10634 Kayıt Bulundu.
Bize Bişr b. el-Hakem, ona Heyyâc b. Bessâm el-Absî Ebû Kurre el-Hurasânî –ki kendisini Basra’da gördüm- şöyle dedi: “Yanımızdan geçerken Enes’i gördüm, bizi eliyle selamladı; saçlarına aklar düşmüştü. Ayrıca Hasan’ı gördüm, kâkülünü sarıya boyamıştı, başının üzerinde ise siyah bir sarık vardı”. Esmâ şöyle dedi: “Nebî (s.a.v.) elini kaldırarak kadınlara selam verdi”.
Açıklama: Abraşlık diye tercüme ettiğimiz “vadah” kelimesi, saçın beyazlaması anlamına da gelmektedir (bkz. İbnü'l-Esîr, Nihâye, thk. Ebû Abdurrahmân Salâh b. Muhammed b. Uvayda, Beyrut : Dâru'l-Kütübi'l-ilmiyye, 1418/1997, V, 170.

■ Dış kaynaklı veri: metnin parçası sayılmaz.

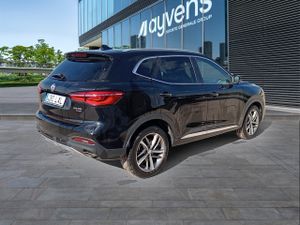 Mg Hs Luxury - Foto 5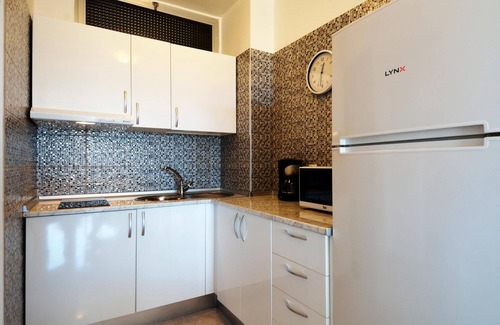 Solana del Matorral Apartment | Plus Casa Atlantica Morro Jable 663 BY PVL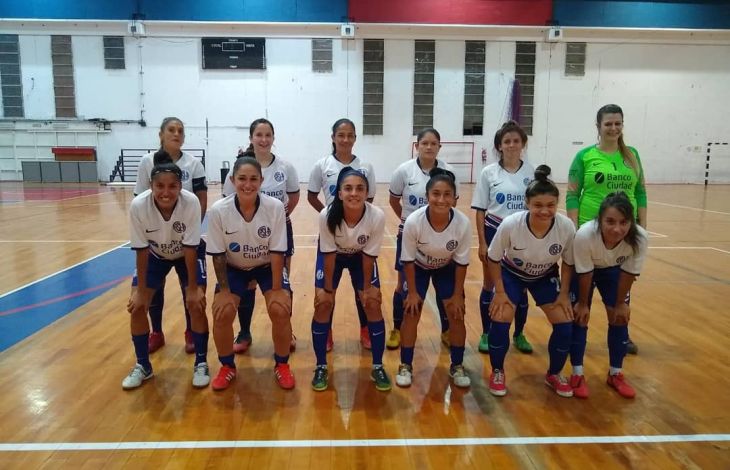 ¡Segundo triunfo al hilo!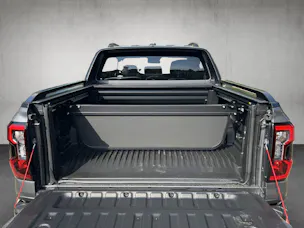 FORD Ranger DKab.Pick-up 2.3 EcoBoost 4x4 Wildtrak PHEV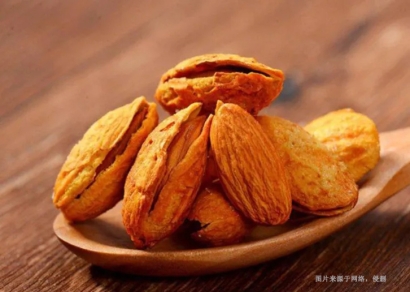 美國巴旦木進口清關(guān)流程費用-19年天津食品報關(guān)行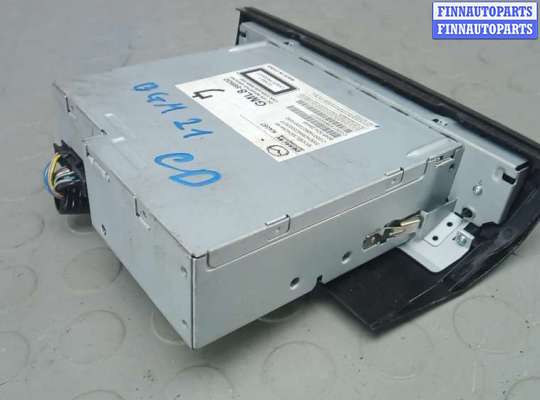 купить cd-чейнджер на MAZDA 6 GJ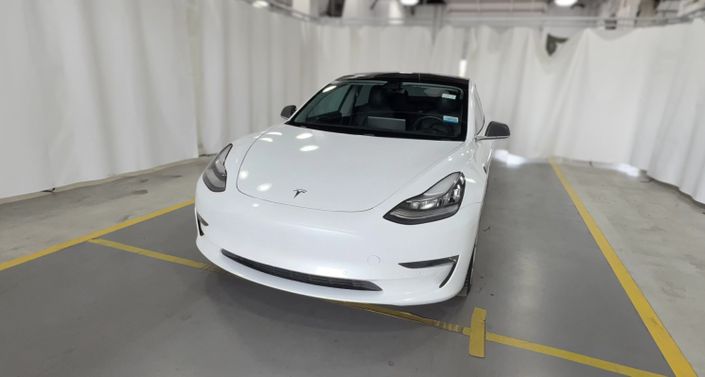Thumbnail: 2020 Tesla Model 3 - 1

Bize Muhammed b. Ubeydullah, ona İbn Ebu Hazim ve el-Ka'nebî, onlara Abdulaziz, ona Alâ, ona da babası, Ebu Hüreyre (r.a.)'ın şöyle söylediğini rivayet etti. "Rasûlullah (s.a.v.); "İman etmedikçe cennete giremezsiniz. Birbirinizi sevmedikçe (kamil anlamda) iman etmiş olamazsınız. Kendisi sebebi ile birbirinizi seveceğiniz bir iş göstereyim mi?" dedi. Sahabe "Evet (göster) Ya Rasûlullah!" dediler. Rasûlullah (s.a.v.) şöyle buyurdu; "Aranızda selamı yayınız."
Açıklama: Müminlerin birbirlerini sevmeleri kamil anlamda iman etmiş olmaları için şarttır. Ancak 'iman etmedikçe cennete giremezsiniz' cümlesindeki iman ise zahir manasına göre anlaşılır. Yani iman etmeyen kişilerin cennete giremeyecekleri belirtilmektedir. Öte yandan benzer lafızların zikredildiği Ebû Musa el-Eş'arî'den nakledilen bir hadiste Hz. Peygamber selam vesilesiyle bireysel sevgi ve saygının yanı sıra toplumsal ülfet ve birlikteliğin sağlanacağını daha farklı ifadelerle açıklamıştır.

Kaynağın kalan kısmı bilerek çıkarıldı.